Plans are afoot to have it completed by June 2026, exactly 100 years after its creator, Antoni Gaudí, met his end when hit by a bus whilst crossing the street to his very own masterpiece.
In total, it will have 18 towers, or spires, and will stand at 172.5 metres in height, once finished.
The six central spires are currently being built – four for the Evangelists, the Mary Tower, and the final pièce de résistance, the Jesus Christ Tower, which will be the highest of all and will take eight years to construct.
The first row of bricks will be laid by the end of this year if everything goes to plan, and it will be the final part of the cathedral to be completed, according to Esteve Camps, managing director of the Sagrada Família Foundation, during a press conference at 85 metres above the ground.
Reporters braved vertigo to attend the announcement on the part of the cathedral that will become the base for the Jesus Christ Tower.

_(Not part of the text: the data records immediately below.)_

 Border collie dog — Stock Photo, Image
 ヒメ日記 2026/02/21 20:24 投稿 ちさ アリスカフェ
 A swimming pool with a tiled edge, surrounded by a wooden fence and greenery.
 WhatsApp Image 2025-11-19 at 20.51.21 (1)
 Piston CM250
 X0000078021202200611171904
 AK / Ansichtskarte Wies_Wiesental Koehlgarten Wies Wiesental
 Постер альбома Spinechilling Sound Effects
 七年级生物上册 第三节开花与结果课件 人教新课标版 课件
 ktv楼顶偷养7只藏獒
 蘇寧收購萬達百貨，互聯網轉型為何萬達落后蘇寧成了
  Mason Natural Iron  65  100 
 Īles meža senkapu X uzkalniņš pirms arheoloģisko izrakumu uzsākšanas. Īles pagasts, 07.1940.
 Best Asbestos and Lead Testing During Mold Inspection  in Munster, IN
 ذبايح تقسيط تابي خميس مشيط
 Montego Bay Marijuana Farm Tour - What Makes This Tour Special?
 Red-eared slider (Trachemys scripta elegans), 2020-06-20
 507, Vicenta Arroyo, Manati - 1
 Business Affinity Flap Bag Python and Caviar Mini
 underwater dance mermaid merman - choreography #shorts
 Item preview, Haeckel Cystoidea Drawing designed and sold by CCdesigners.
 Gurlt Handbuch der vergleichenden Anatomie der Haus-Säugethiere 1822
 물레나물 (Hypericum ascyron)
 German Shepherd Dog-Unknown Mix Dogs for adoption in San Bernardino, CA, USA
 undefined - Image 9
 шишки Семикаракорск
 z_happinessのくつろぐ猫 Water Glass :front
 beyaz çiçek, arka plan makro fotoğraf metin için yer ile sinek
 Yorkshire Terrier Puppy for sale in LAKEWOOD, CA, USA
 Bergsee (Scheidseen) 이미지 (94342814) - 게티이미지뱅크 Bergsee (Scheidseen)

Milestones are gradually being ticked off – by the year 2020, the still-unfinished cathedral will be the highest building on the Barcelona skyline, and by 2022, the 17-metre cross on the roof will be finalised.
Certain decorative elements are unlikely to be finished by the June 2026 deadline, but the actual construction will be and is expected to see hundreds of thousands of tourists and reporters converge on it the day the building site is cleared away.
Tourists are, in fact, the ones to be thanked for the progress made so far – the Sagrada Família’s construction, and maintenance of the existing building are funded entirely from visitor tickets.
But as one of Spain’s, if not Europe’s, most highly-rated tourist attractions, work on the cathedral has always been non-stop as funding from holidaymakers is an endless and lucrative source.
Whilst some may be put off by the queues stretching far around the block, in practice the wait to get inside is rarely more than 20 minutes to an hour, which is a tiny price to pay to see this surreal and splendid structure – and the price in financial terms is very inexpensive for such a weird and wonderful globally-acclaimed monument.
The four million annual visitors have made it possible for €50 million to be invested in the works this year and in 2017.
And normally, this four million figure would have been higher, had it not been for terrorist attacks on the Ramblas on August 17 last year leading to a lean eight months as international sightseers gave Barcelona a swerve out of fear – although, since June 2018, visitor numbers are starting to skyrocket in comparison as the attacks become a distant memory for many people elsewhere in the world and those who have not forgotten put them in perspective: that the probability of a terror attack in peacetime is statistically very low, and that they could happen in any large city.
Barcelona worked hard after the attacks – the authors of which were either dead or in jail within 24 hours – to remind potential visitors that Spain is, in terms of violent crime, one of the safest countries in the world.